====== Collected material ======

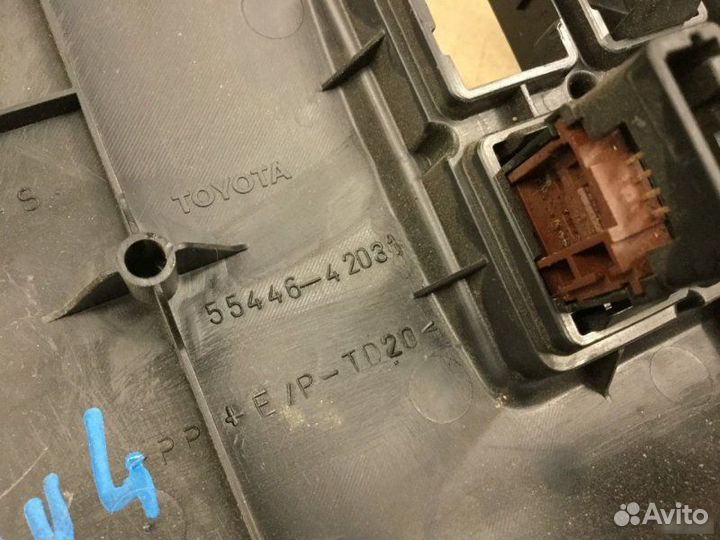 Накладка на торпедо левая Toyota Rav 4 2006-2013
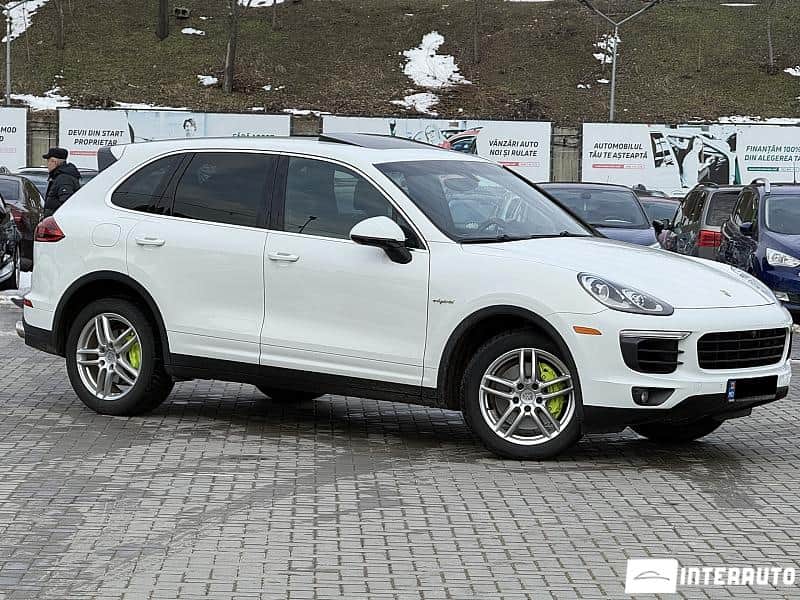 2016 Porsche Cayenne S Hybrid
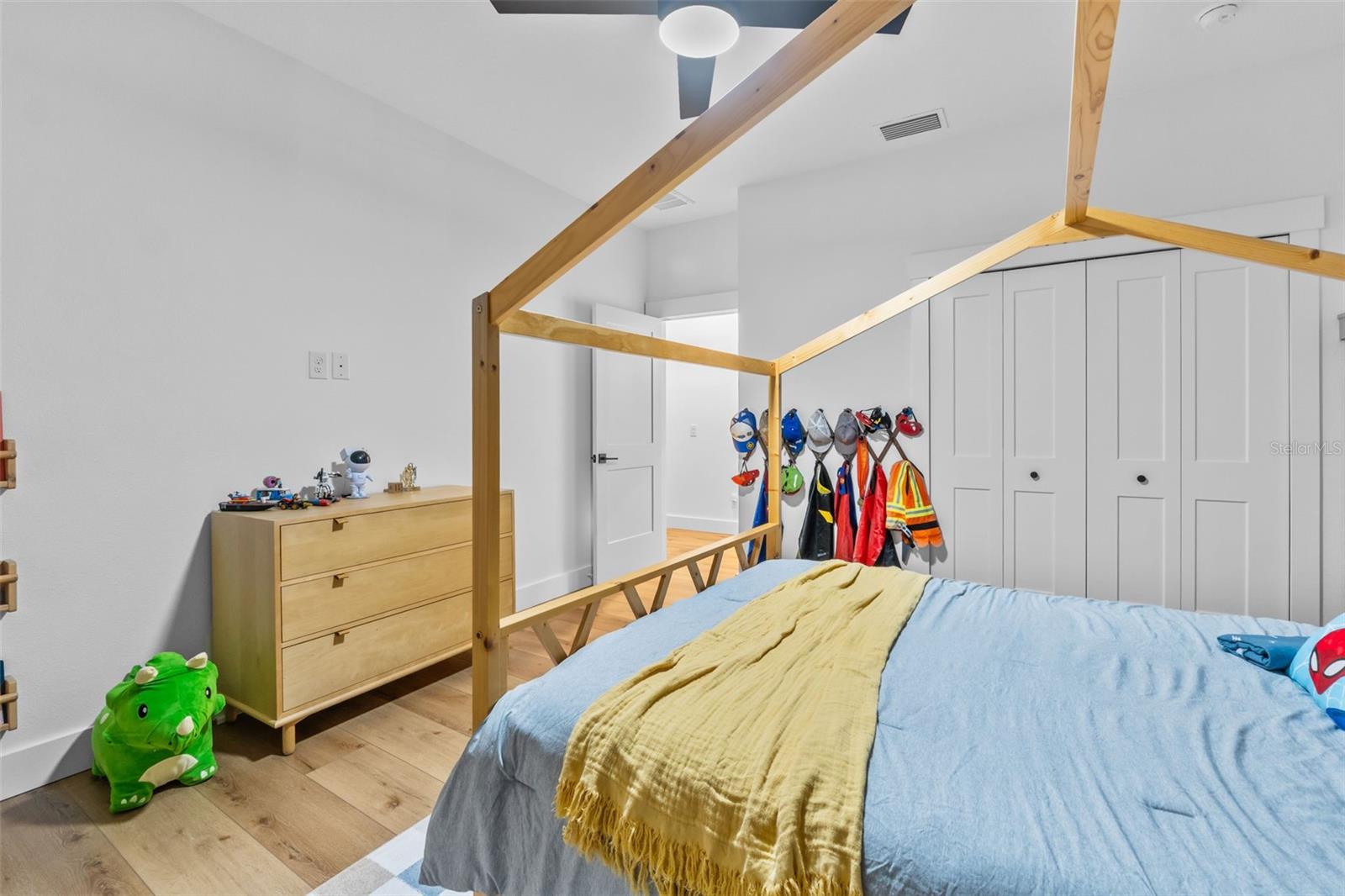 Image 49 of 89 For 157 Caladium Avenue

======

### Your assignment
Please reproduce the data above word for word, skipping all images.

### Solution to the exercise
 Накладка на торпедо левая Toyota Rav 4 2006-2013
 2016 Porsche Cayenne S Hybrid
 Image 49 of 89 For 157 Caladium Avenue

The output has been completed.